The present study confirmed most of the results from previous studies concerning health correlates of gambling. Substance use was found to be associated with problem gambling. The results are comparable to existing studies conducted among adolescents (Cheung, 2014; Freund et al., 2019; Huang et al., 2007). The association between substance use and problem gambling could be possible due to financial and social reasons. Adolescent problem gamblers tend to have some form of employment and/or engage in income-generating activities and can afford to buy psychoactive substances as well as have money for gambling. Also, they are more likely to drink alcohol, smoke cigarettes and use other psychoactive substances when they socialize with friends compared to non-gamblers who may isolate or engage in other activities when they are socializing with their peers. Furthermore, adolescents who were problem gamblers were more likely to engage in risky sexual behavior which is similar to previous studies (Kiwujja & Mugisha, 2019; Martins et al., 2014). Gambling is a high-risk behavior and adolescents that gamble have the tendency to engage in other risky behaviors.

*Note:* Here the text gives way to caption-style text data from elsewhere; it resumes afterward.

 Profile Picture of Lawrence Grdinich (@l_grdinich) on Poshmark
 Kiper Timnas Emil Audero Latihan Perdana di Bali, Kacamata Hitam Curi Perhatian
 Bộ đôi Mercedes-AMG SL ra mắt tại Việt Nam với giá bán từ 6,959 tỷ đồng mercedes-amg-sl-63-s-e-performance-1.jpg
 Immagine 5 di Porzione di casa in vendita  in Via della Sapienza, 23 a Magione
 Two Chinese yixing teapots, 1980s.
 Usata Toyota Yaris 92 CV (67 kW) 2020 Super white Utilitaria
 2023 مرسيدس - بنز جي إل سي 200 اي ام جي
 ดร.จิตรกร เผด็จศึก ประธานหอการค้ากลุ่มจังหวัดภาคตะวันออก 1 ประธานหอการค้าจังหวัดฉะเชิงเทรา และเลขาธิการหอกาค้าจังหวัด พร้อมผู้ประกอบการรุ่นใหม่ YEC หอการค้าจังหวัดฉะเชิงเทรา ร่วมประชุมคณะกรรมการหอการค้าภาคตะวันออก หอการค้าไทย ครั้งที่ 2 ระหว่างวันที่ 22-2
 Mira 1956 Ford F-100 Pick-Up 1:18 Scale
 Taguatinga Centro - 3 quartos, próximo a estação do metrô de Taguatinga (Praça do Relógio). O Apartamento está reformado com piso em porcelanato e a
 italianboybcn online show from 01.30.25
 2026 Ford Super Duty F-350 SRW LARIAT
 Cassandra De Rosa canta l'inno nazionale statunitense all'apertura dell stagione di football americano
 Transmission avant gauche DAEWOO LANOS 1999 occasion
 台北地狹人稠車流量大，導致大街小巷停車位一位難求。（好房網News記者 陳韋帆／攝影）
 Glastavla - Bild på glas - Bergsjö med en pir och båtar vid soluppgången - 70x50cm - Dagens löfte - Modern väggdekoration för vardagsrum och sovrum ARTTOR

Also, participation in gambling activities exposes adolescents to environments where high risk behaviors are socially condoned or perceived as low risks. The presence of severe psychological distress among adolescents with problem gambling supports previous findings that there is an association between problem gambling and psychological distress (Abdi et al., 2015; Jaisoorya et al., 2017; Martin et al., 2014). Severe psychological distress among adolescent problem gamblers could be attributed to financial strain associated with gambling, adverse social circumstances, and reduced ability to cope with academic and routine daily activities. The association between problem gambling and chronic health conditions was not significant, although a previous study reported contrary results (Tracie et al., 2010).

Strengths and Limitations

There are a number of limitations to the present study. The findings may not be generalized to the larger population of adolescents because the study was limited to school-going adolescents. Also, the study was cross-sectional which makes it difficult to draw causal relationship among the variables examined. In addition, the information was self-reported and the possibility of over-reporting by the students cannot be excluded. Although the DSM-IV-MR-J has been validated and used in low and middle-income countries, the scale may have over-estimated the prevalence of problem gambling in the present sample. However, on the other hand, to the best of present authors’ knowledge, this is the first study that has estimated the prevalence of problem gambling and identified the risk factors associated with problem gambling among school-aged adolescents in Uganda. The study used international instruments which are validated and have been used in developing countries for screening of problem gambling and other variables. Also, the study included a reasonably large number of participants selected by cluster sampling and drawn from different types of school and Divisions of Mbarara Municipality.

Conclusions

The estimated prevalence of problem gambling in the present study was high and indicated that almost two out of every ten school-aged adolescents was at risk of problem gambling. The prevalence of problem gambling among secondary school students in Uganda is high relative to rates from other countries. The evidence from the present study underscores the need to institute and implement regulatory measures that will prevent problem gambling in order to improve the health and welfare of adolescents in Uganda.